By the time Prager had made his speech, the first media reports on the conference already had appeared, and they were…weirdly mild? Earlier that afternoon, ABC had published an even-handed article by two journalists who painted a picture of a level-headed bunch of no-nonsense moms fed up with an increasingly illiberal approach to education. “Democrats seek to paint these moms as members of the GOP base rather than swing voters up for grabs, highlighting how Moms for Liberty has backed book bans,” they wrote.
Reading ABC’s piece a few days after the conference ended, I marveled not at its neutral tone, but at how much simply had been ignored. Had these reporters and I actually been at the same conference? Had they heard about the breakout session where JC Hall argued that to celebrate the emancipation from slavery was to erase the accomplishments of great Black Americans? Had they not seen the Hitler Oopsie transform before their eyes from an embarrassing gaffe to a badge of valor?

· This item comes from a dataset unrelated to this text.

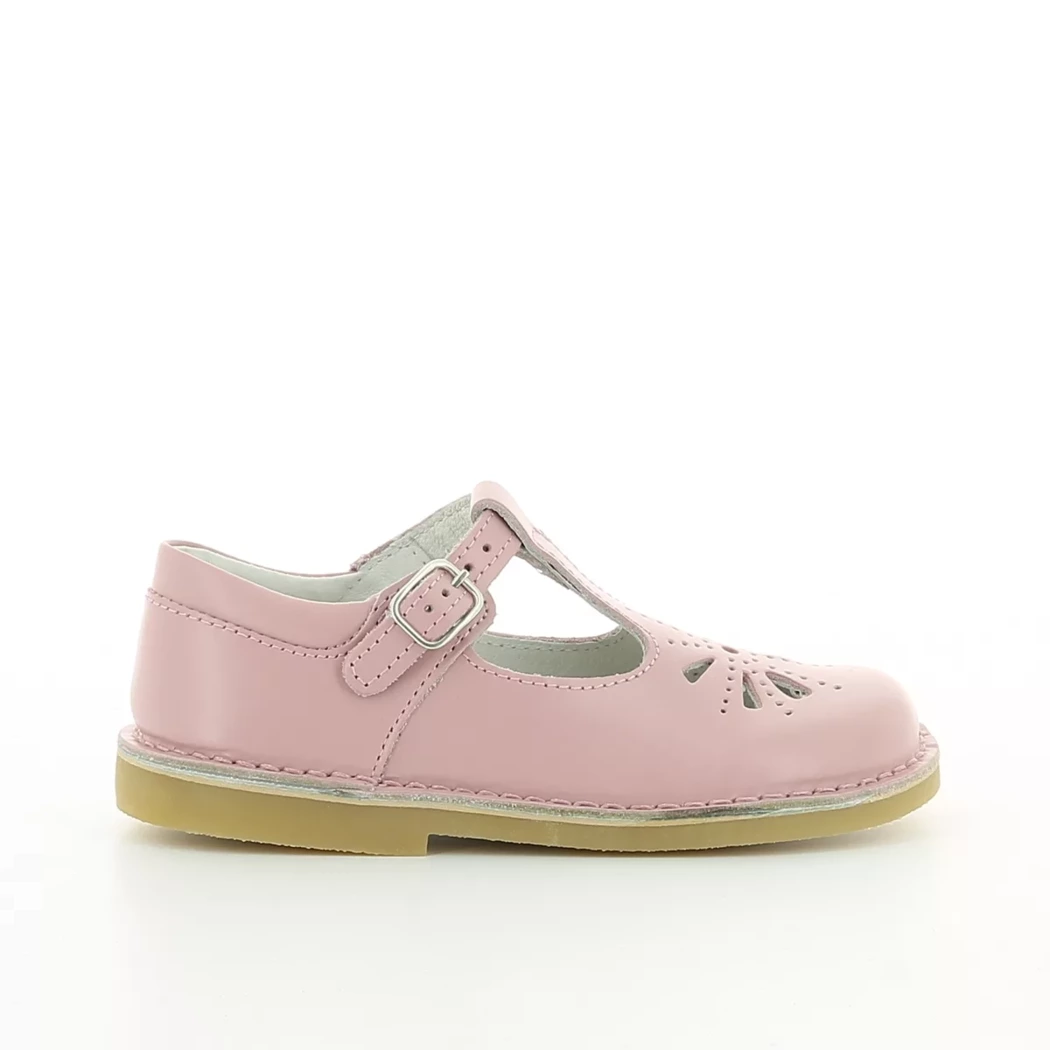 Image (2) de la chaussures Norvik - Sandales et Nu-Pieds Rose en Cuir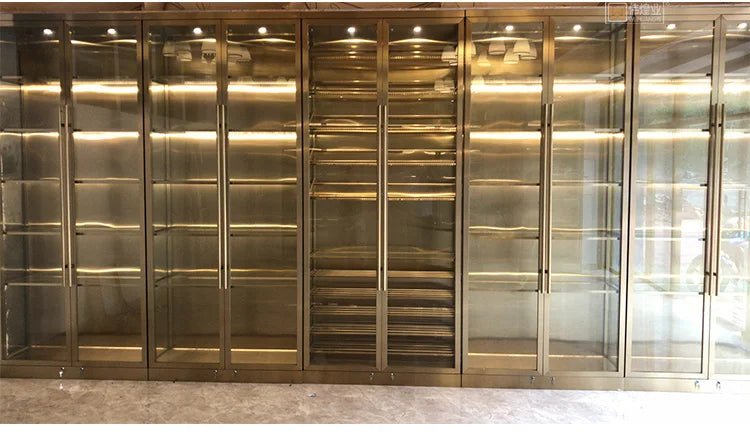 Cantinetta Vino Doppia Porta – Raffreddamento a Compressore, Controllo Smart Elettrico, Frigorifero Freestanding per Champagne, Vini Rossi e Bianchi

But there was also a more troubling possibility: Maybe, the reporters had witnessed all that I had, and it just seemed a new kind of normal. I thought of the erstwhile liberal who had seen the light during Covid and now believed that Trump had been right all along. He had told me that he had been to the breakout sessions at the conference and was impressed with what appeared to him to be purely factual, apolitical presentations. “I’m like a total outsider, but I’m being drawn in,” he said. “And I’m like, this stuff makes sense to me.”
Correction: An earlier version of this article mistakenly identified Selma as the location of the photo of the protesters, the policeman, and the dog. The sentence has since been fixed.